The Fall Festival at St. Mary Our Lady of Ransom Catholic Church had a unassuming birth.
Chairperson Barbara Mathis recalls its humble beginnings on Highmarket Street 26 years ago when resourceful Mamie Delzell, the town crier of Radio Station WGTN, set some used golf clubs in front of the rectory in hopes of raising money to help with church expenses. It was the third year of Georgetown’s Wooden Boat Show and a visiting golfer bought them.
With the help of parishioners like Delzell and supporters like the visiting golfer, the annual event has come to offer live music, a silent auction, homemade baked goods, a plant sale, low-country purlieu, an indoor yard sale and more. Chairperson Mathis is teaming up with Annamarie and Eddie Ferris, Christine Walker and others to open the church doors to the community, to offer items at affordable prices and , to serve the Lord.

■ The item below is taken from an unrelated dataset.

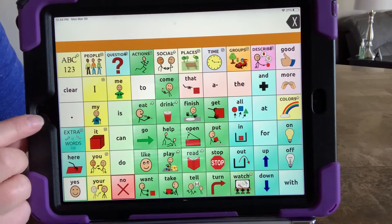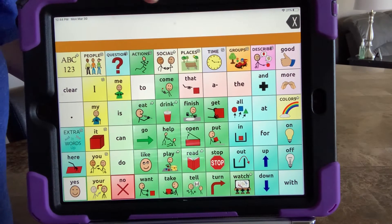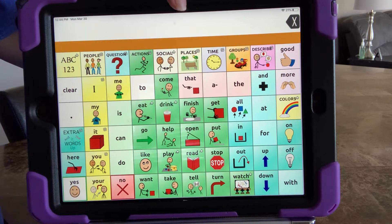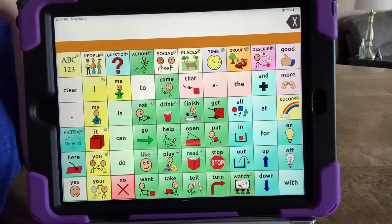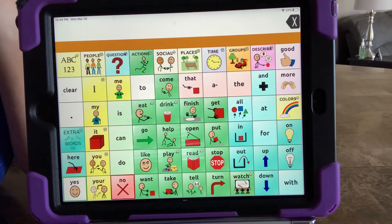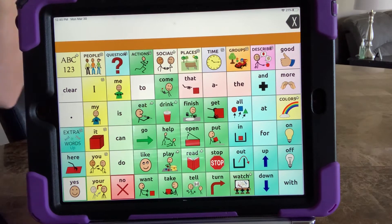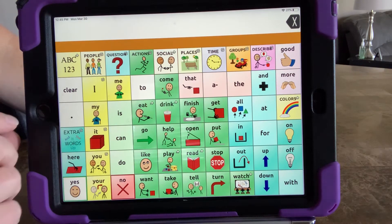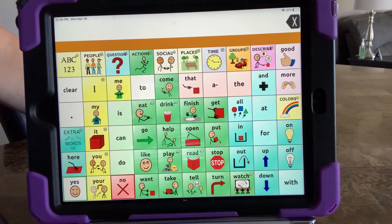If someone tries to keep hitting that home button, this number up at the top will increase and you won't be able to get out. It'll say something like 30 seconds, 60 seconds, 180 seconds before you can try the code again, rather than getting in right away. Just know that's something to be aware of. Right now it is a communication system only.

This festival is 9 a.m- 4 p.m. at St. Mary Parish Hall at the corner of Broad and Highmarket.
“Father Wilson will bless the Fall Festival and the volunteers at 9:00 a.m. to start,” said Mathis, no stranger to the event over the years. She tells of a school librarian who was thrilled to take home boxes of used books from the festival for her underfunded library in another town. She also remembers a year the church festival had to be postponed until the week after the Wooden Boat Show when a bride-to-be wanted to get married at the church on the Boat Show Saturday. Then there was a year when a golf cart was featured as the jewel of the silent action and the year when the Spanish cultural dances began.
While the golf cart has long since been claimed, the dances continue at noon along with children’s games, face-painting, and other items up for bid. The f estival at St. Mary Parish Hall, is a five-minute walk from Front Street.